Tuesday evening, March 26th about 50 people attended a presentation by Bob Heiden, a 1999 PHS grad, from Jones Petrie and Rafinski (JPR) on concepts to revitalize Plymouth’s downtown area.  The event was hosted at The REES Theatre.  The downtown area is Michigan Street from the Yellow River to Jefferson Street and on the side-streets including a gathering space on Garro Street.  Mayor Listenberger wants to take the project to the viaduct on South Michigan Street. 

The public forum allowed interested citizens to look at two separate concepts what were created with the help of the mayor’s administration, a meeting with the downtown merchants and a presentation at the Plymouth Rotary Club.   

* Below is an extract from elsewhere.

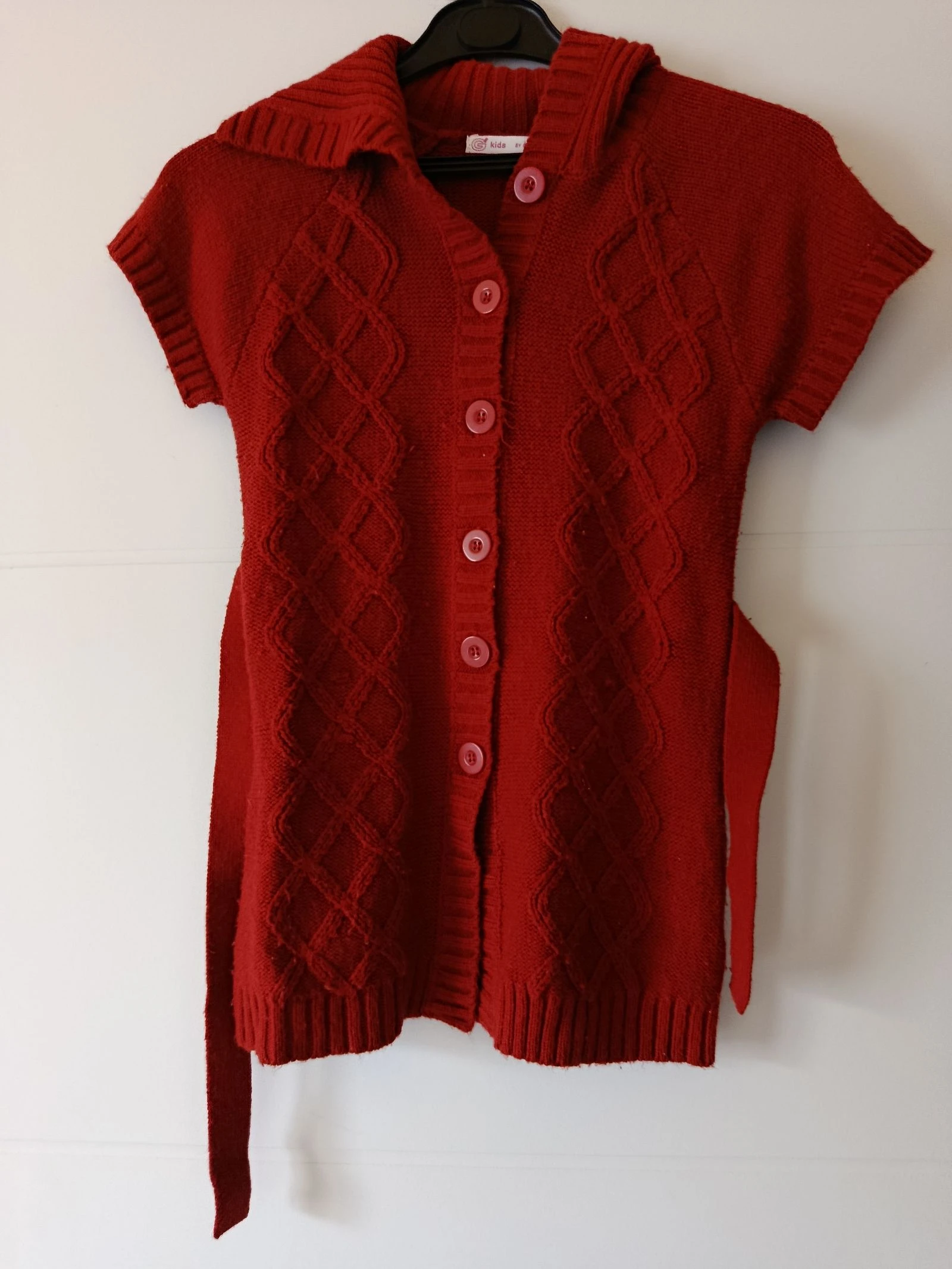Gilet marque Gémo taille 10 ans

The goal of the study is to enhance and utilize the existing strengths of downtown.   The idea is to incorporate greater accessibility with safe pedestrian crossings including ADA compliant ramps, improved lighting, add seating areas, create a multi-use design for Garro Street, with a goal to encourage economic growth in the downtown. 

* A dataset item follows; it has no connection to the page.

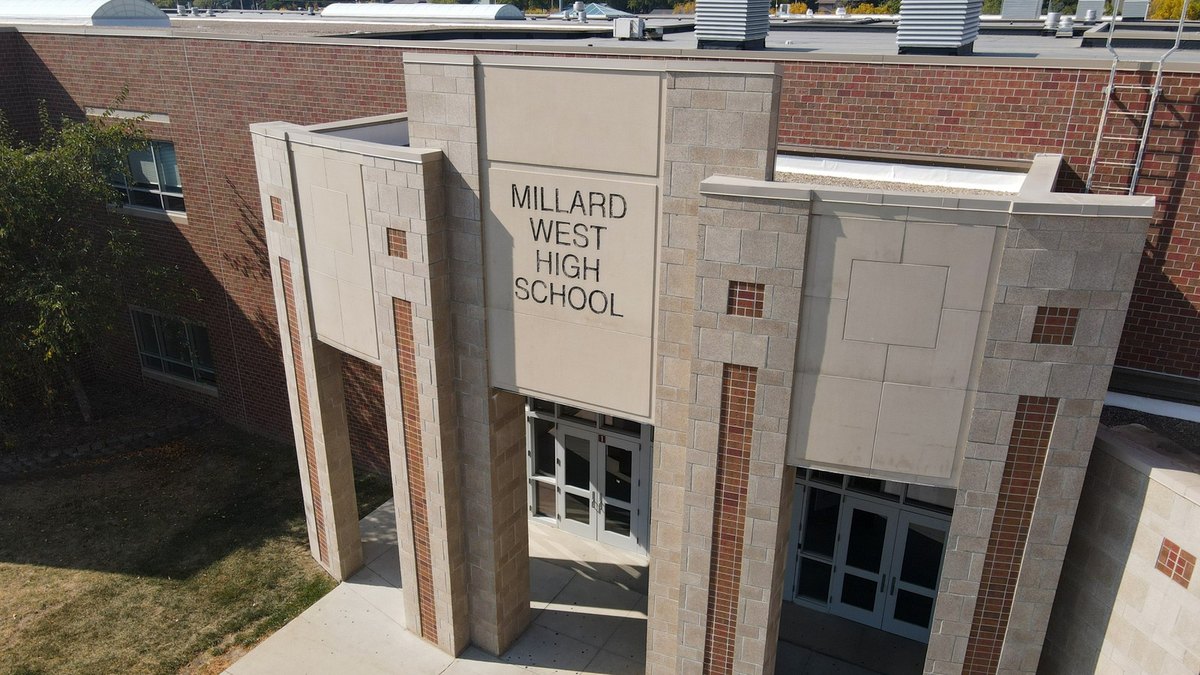 Millard West High School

The team looked at the current conditions of the 40-year-old improvements which shows aged lighting, trees that are dying, trash receptacles that are outdated and issues with the sidewalk.

The concepts participants looked at include updated lighting, different trees, modern trash receptacles, the inclusion of bike racks, seating areas, and renovation of sidewalks that could accommodate outdoor dining.

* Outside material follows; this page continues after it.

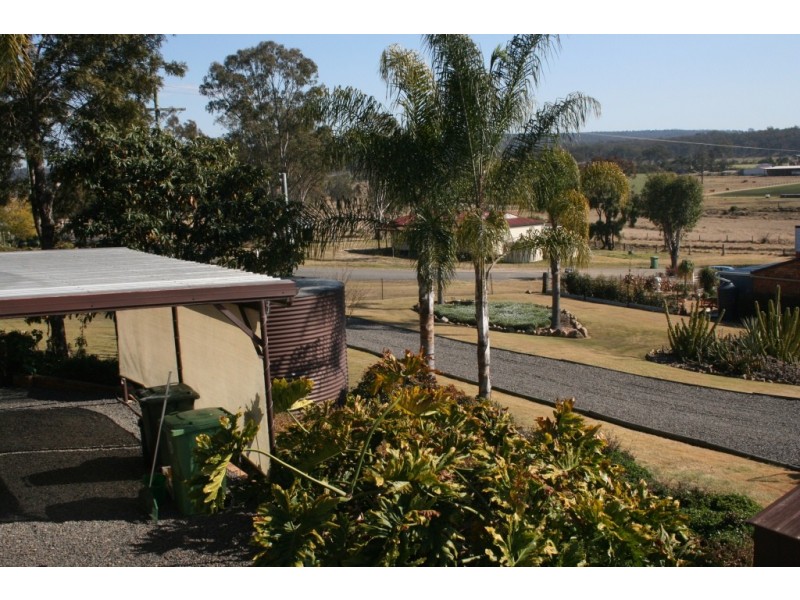7 trace, Brooklands QLD 4615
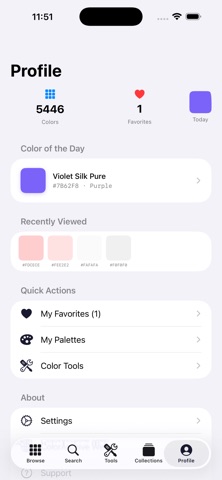 ColorArchive - Color Tools screenshot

The concepts do show that bumpouts could be installed at intersections but with the tactical urbanism project at Michigan and Garro Street major issues were revealed.   The proposal would be created to allow right hand turns.  The bumpouts slow down traffic and create a safer way for pedestrians to cross the street.

One of the concepts showed parallel parking on Michigan Street instead of angle parking. Parallel parking would create a center turning lane through downtown.  It was noted that the design would remove about 60 percent of the available parking spaces.

The concepts do show how Garro Street could be transformed into a gathering space with temporary bollards being installed for the event. The idea would make the area look different than the street but would allow regular traffic when there are no event.

Mayor Robert Listenberger stressed that these are merely concepts.  Nothing is set in stone and the city does not have any immediate plans to do any renovations in the downtown area. He said there would be lots of planning and public input sessions before any construction would begin.

Following the presentation several people asked questions and voiced their thoughts and opinions on the parking, bumpouts, parallel parking, lighting issues and more. 

Everyone must remember that Michigan Street is State Road 17 so any changes would have to be approved by the Indiana Department of Transportation (INDOT).